● **YOUR OBJECTIVE**:
Pictures in the listing below are skipped, while the lines from the "Superhero Elastic Stretch" line through the "Dentist in Clarkrange, TN" line are returned word for word.

● **DATA FOR ANALYSIS**:
+--
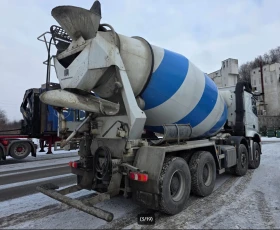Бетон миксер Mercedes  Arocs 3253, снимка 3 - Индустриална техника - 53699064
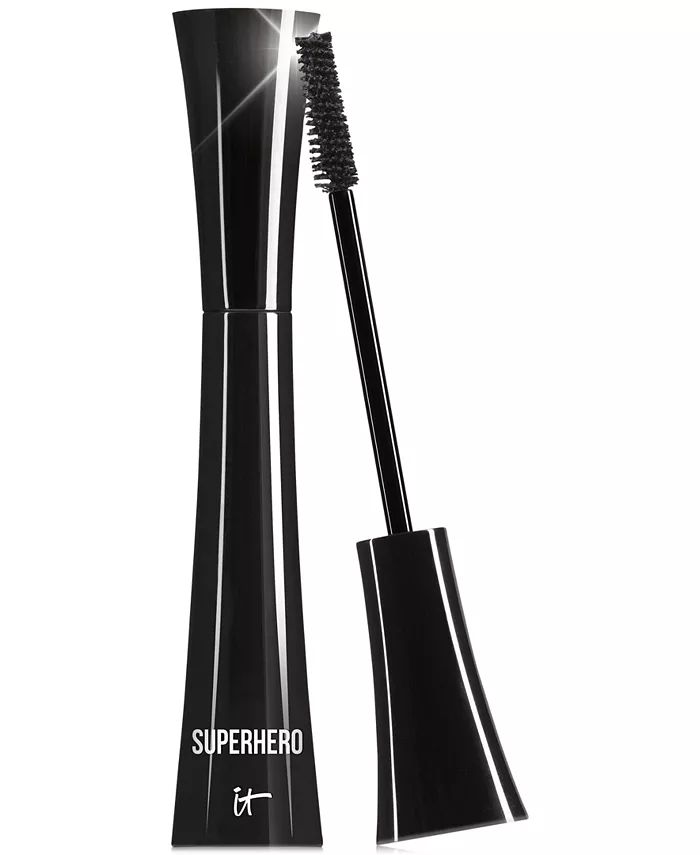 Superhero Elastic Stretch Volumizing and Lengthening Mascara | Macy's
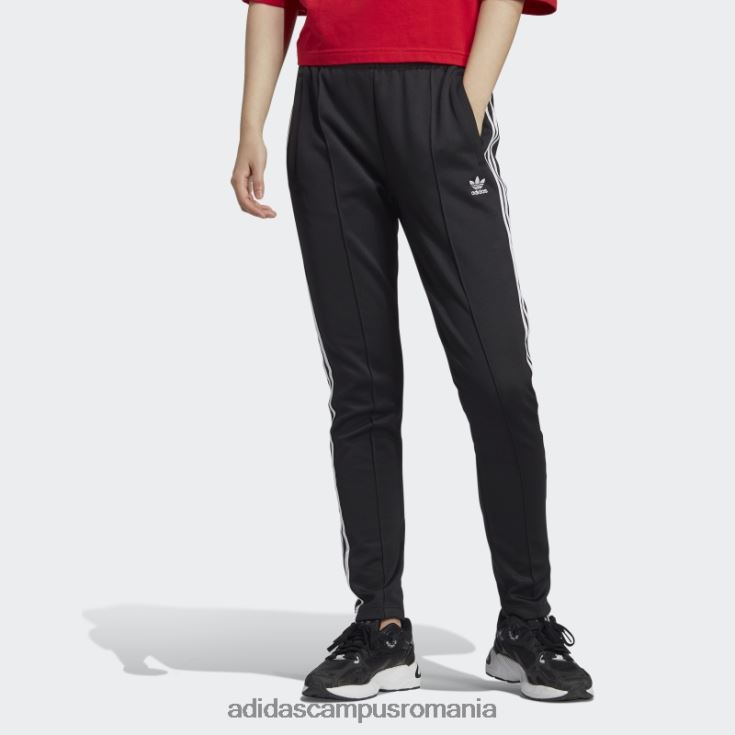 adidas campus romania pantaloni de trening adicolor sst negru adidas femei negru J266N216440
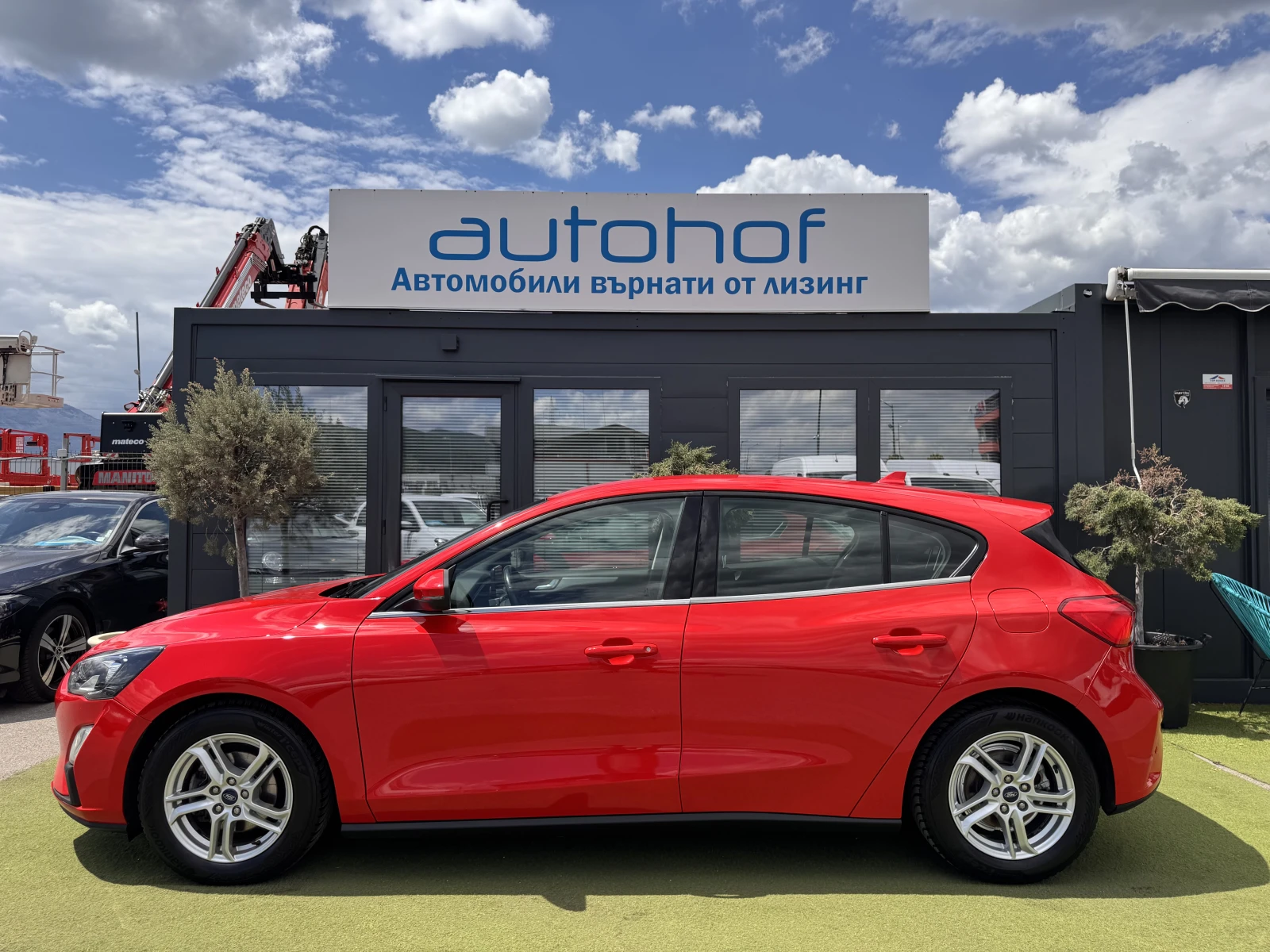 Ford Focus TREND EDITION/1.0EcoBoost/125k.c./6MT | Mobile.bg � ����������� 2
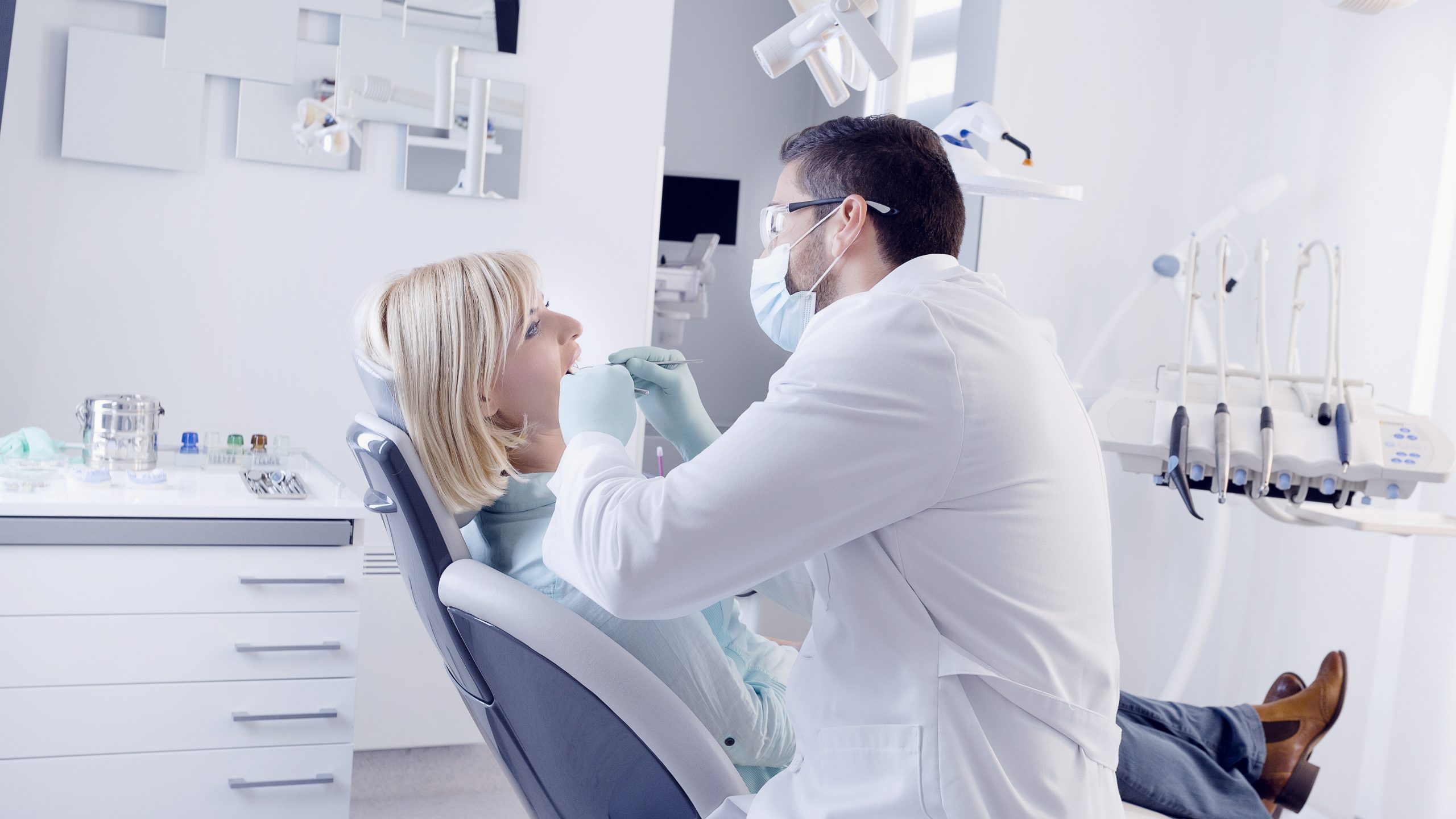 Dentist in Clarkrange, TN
+--
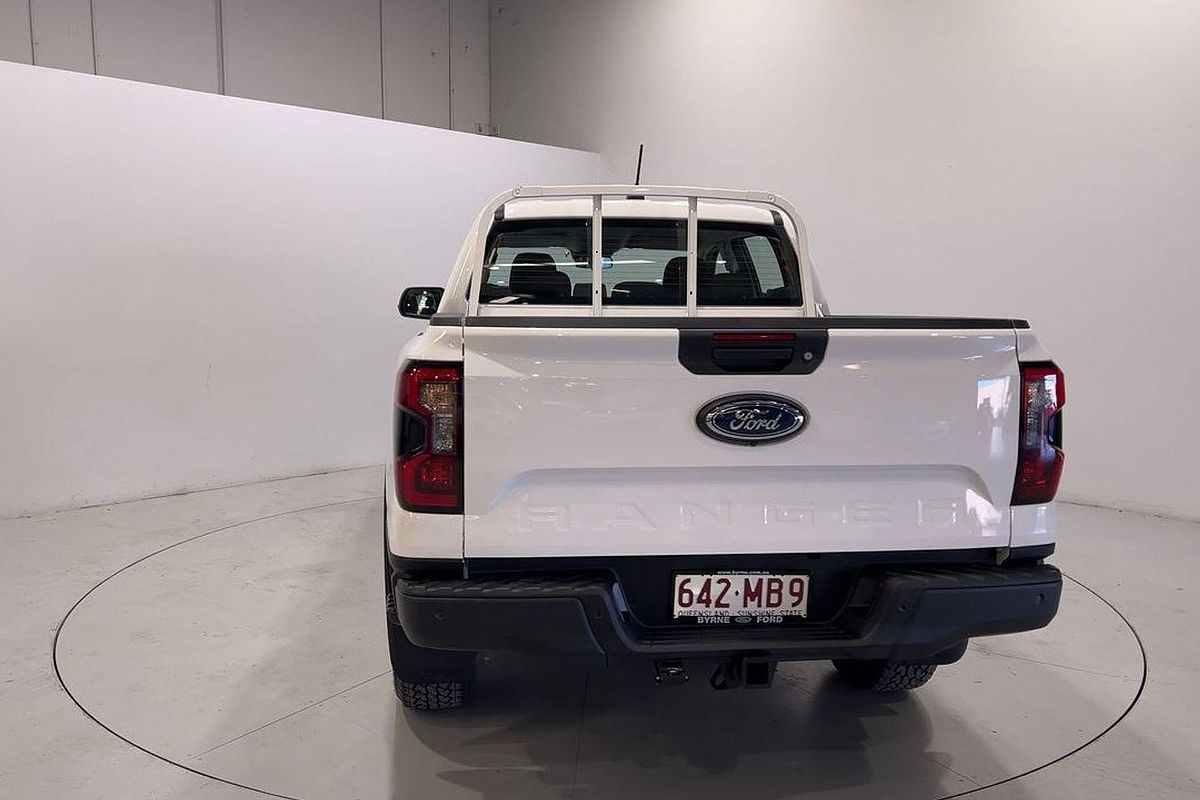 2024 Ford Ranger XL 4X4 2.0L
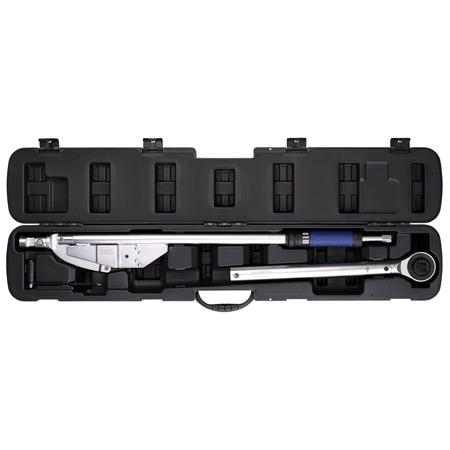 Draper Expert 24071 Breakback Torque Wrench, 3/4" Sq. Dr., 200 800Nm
+--
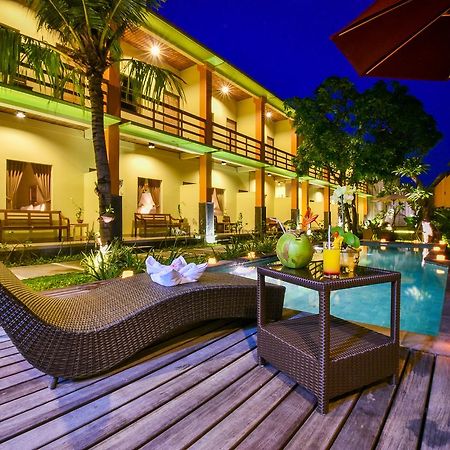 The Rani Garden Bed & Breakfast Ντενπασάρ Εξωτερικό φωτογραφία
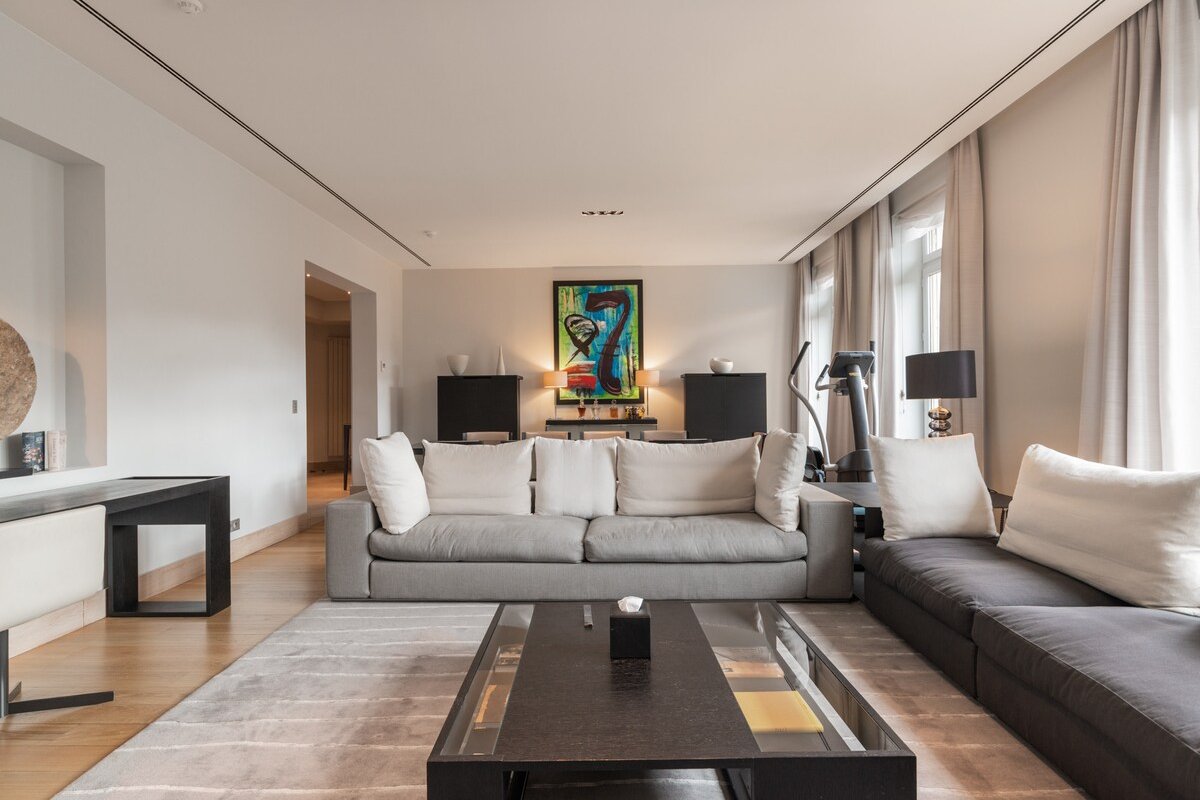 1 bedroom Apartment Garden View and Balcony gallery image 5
+--
● **REPLY TO THE EXERCISE**:
 Superhero Elastic Stretch Volumizing and Lengthening Mascara | Macy's
 adidas campus romania pantaloni de trening adicolor sst negru adidas femei negru J266N216440
 Ford Focus TREND EDITION/1.0EcoBoost/125k.c./6MT | Mobile.bg � ����������� 2
 Dentist in Clarkrange, TN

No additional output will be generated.